WORK TO BE COMPLETED | Without the pictures, write the listing out again exactly as it appears.

# # # # # # #

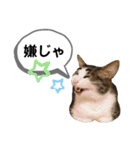 mon*habi保護猫ファミリー☆挨拶、返事編（個別スタンプ：37）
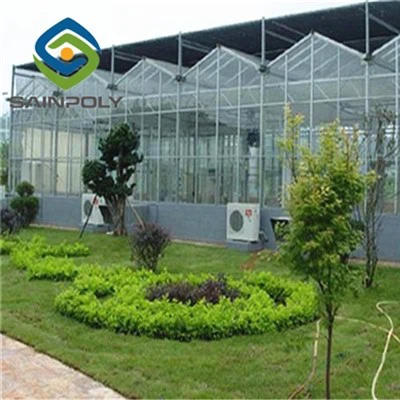 Heat Preservation Agricultural Glass Greenhouse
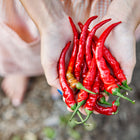 Hands holding a fresh harvest of bright red, slender Cayenne Long Slim hot peppers in a garden.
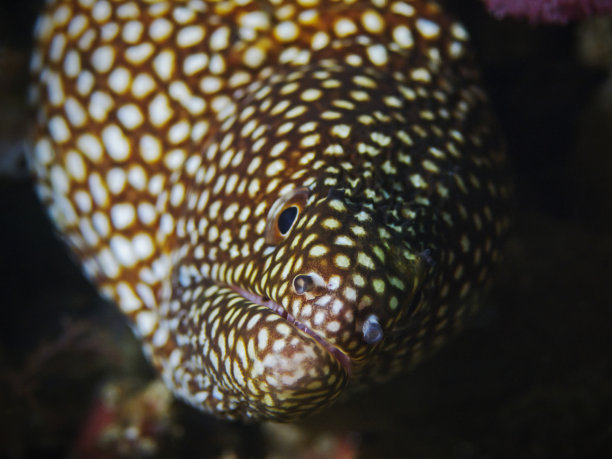 怀特茅斯莫雷鳗鱼，佩伦·穆伦（金诺索拉克斯·梅莱格里斯）图片下载
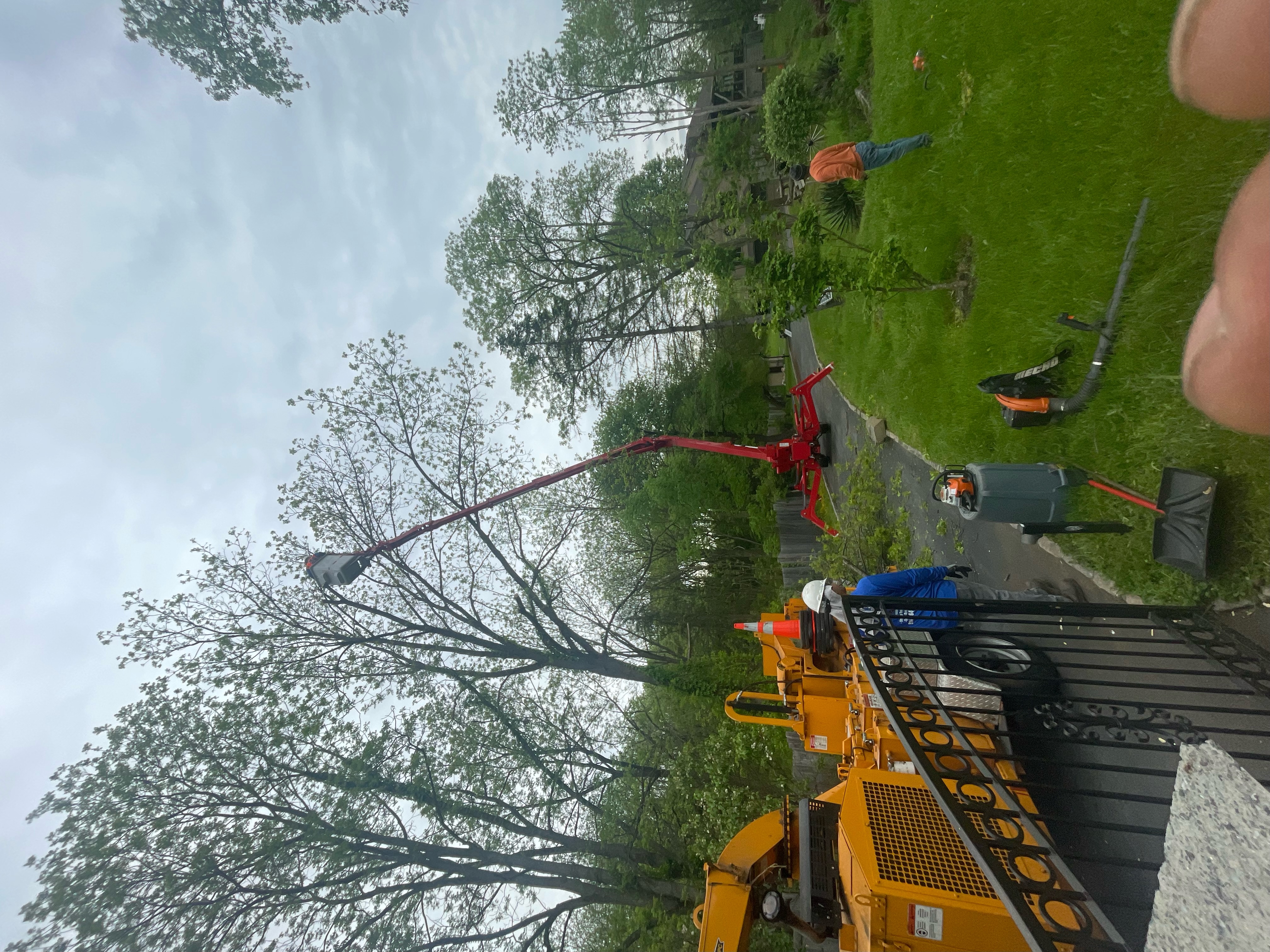 Yani Lawn Care Inc Image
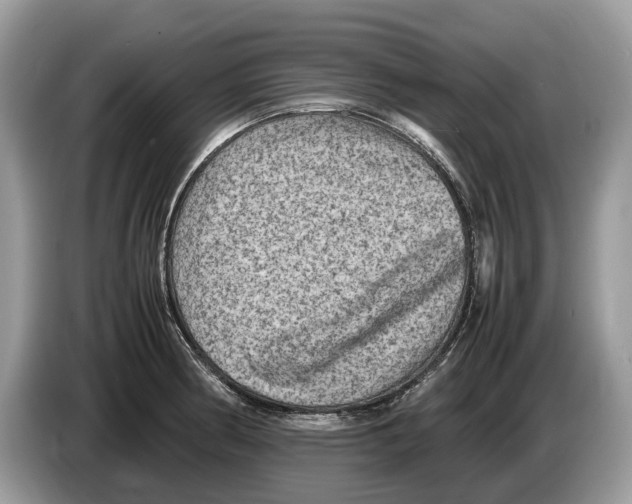 X0000086281186200704262030
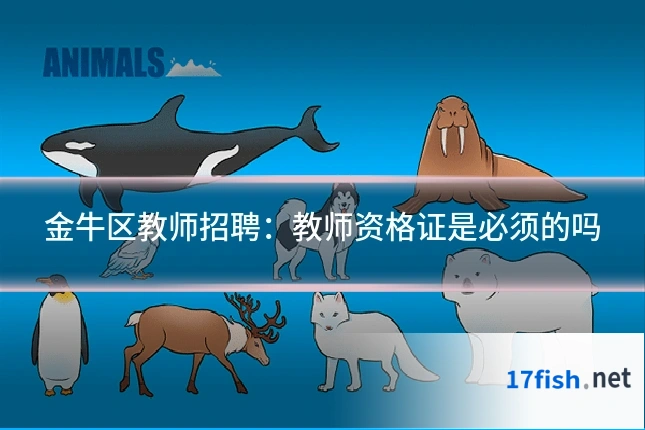 金牛区教师招聘:教师资格证是必须的吗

# # # # # # #

SOLUTION |
 mon*habi保護猫ファミリー☆挨拶、返事編（個別スタンプ：37）
 Heat Preservation Agricultural Glass Greenhouse
 Hands holding a fresh harvest of bright red, slender Cayenne Long Slim hot peppers in a garden.
 怀特茅斯莫雷鳗鱼，佩伦·穆伦（金诺索拉克斯·梅莱格里斯）图片下载
 Yani Lawn Care Inc Image
 X0000086281186200704262030
 金牛区教师招聘:教师资格证是必须的吗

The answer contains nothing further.